[Skiboot] [PATCH 09/10] centaur: Improve FSI SCOM error handling
Benjamin Herrenschmidt
benh at kernel.crashing.org
Tue Jun 23 14:25:59 AEST 2015
Based on HostBoot, recovers from bad XSCOM addresses
Signed-off-by: Benjamin Herrenschmidt <benh at kernel.crashing.org>
---
hw/centaur.c | 122 ++++++++++++++++++++++++++++++++++--------------------
include/centaur.h | 1 +
2 files changed, 78 insertions(+), 45 deletions(-)
diff --git a/hw/centaur.c b/hw/centaur.c
index 24d2836..3df1291 100644
--- a/hw/centaur.c
+++ b/hw/centaur.c
@@ -59,6 +59,9 @@
#define SCAC_CONFIG_CLR 0x020115d0
#define SCAC_ENABLE_MSK PPC_BIT(0)
+#define cent_log(__lev, __c, __fmt, ...) \
+ prlog(__lev, "CENTAUR %x: " __fmt, __c->part_id, ##__VA_ARGS__)
+
static int64_t centaur_fsiscom_complete(struct centaur_chip *centaur)
{
int64_t rc;
@@ -67,17 +70,49 @@ static int64_t centaur_fsiscom_complete(struct centaur_chip *centaur)
rc = mfsi_read(centaur->fsi_master_chip_id, centaur->fsi_master_engine,
centaur->fsi_master_port, FSI_STATUS_REG, &stat);
if (rc) {
- /* XXX Improve logging */
- prerror("CENTAUR: MFSI read error %lld reading STAT\n", rc);
+ cent_log(PR_ERR, centaur, "MFSI read error %lld reading STAT\n", rc);
return rc;
}
if ((stat & (FSI_STATUS_ABORT | FSI_STATUS_ERRORS)) == 0)
return OPAL_SUCCESS;
- prerror("CENTAUR: Remote FSI error, stat=0x%08x\n", stat);
+ cent_log(PR_ERR, centaur, "Remote FSI SCOM error, status=0x%08x\n", stat);
- /* XXX Handle recovery */
+ /* All 1's ? Assume it's gone */
+ if (stat == 0xffffffffu) {
+ cent_log(PR_ERR, centaur, "Chip appears to be dead !\n");
+ centaur->valid = false;
+
+ /* Here, hostboot grabs a pile of FFDC from the FSI layer,
+ * we could do that too ...
+ */
+ return OPAL_HARDWARE;
+ }
+ /* Here HB prints the GPx registers which I believe are only
+ * in the host (FSI master).
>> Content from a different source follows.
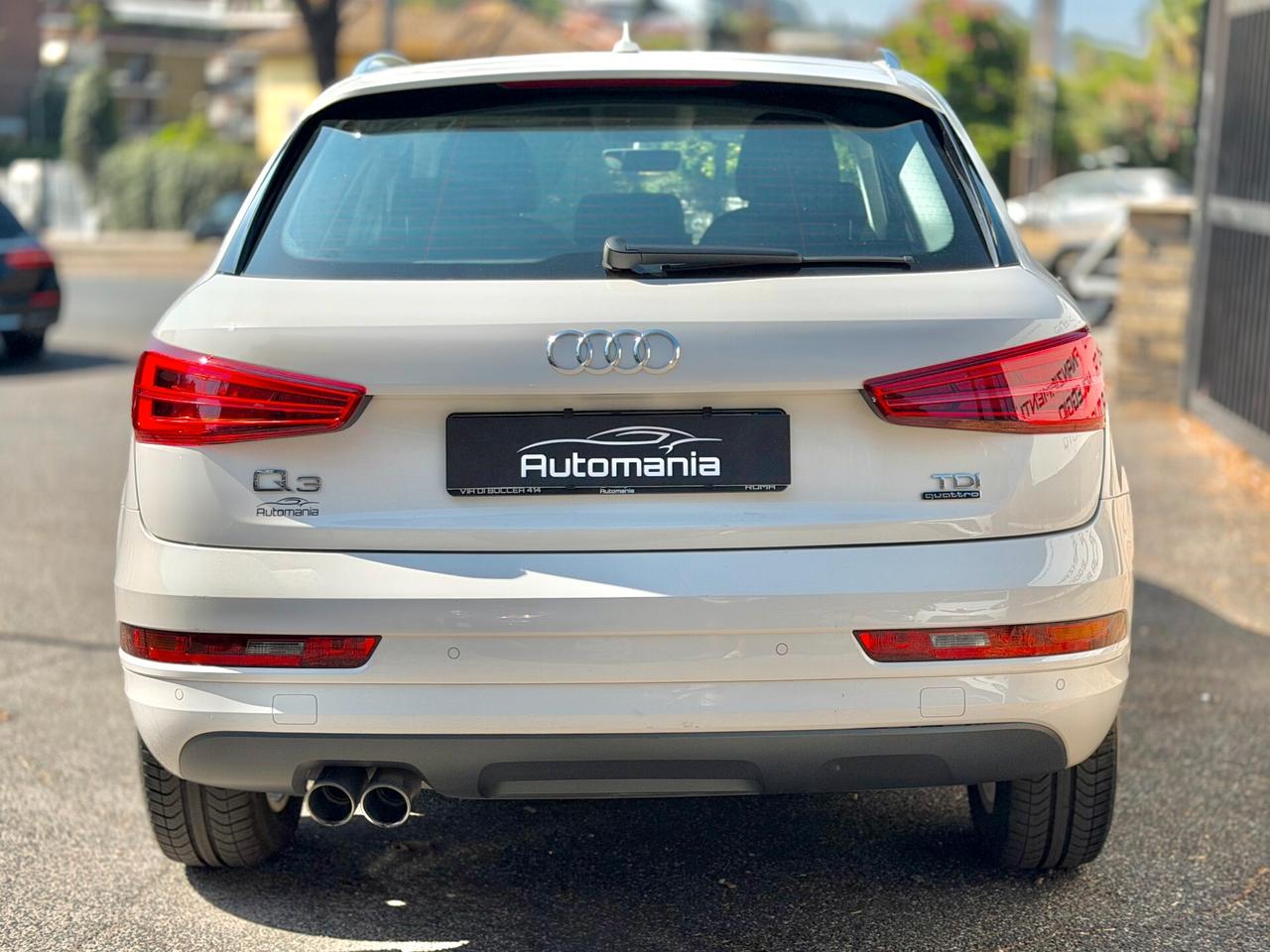 Audi Q3 2.0 TDI 150 CV Quattro S-tronic UNIPRO\LED\GARANZIA\KMCERTFICATI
We skip that for now, we don't have
+ * a good API to them
+ */
+
+ /* Recovery sequence from HostBoot fsiscom.C
+ * if SCOM fails and FSI Master displays "MasterTimeOut"
+ * then 7,6 <covered by FSI driver>
+ * else if SCOM fails and FSI2PIB Status shows PIB abort
+ * then just perform unit reset (6) and wait 1 ms
+ * else (PIB_abort='0' but PIB error is unequal 0)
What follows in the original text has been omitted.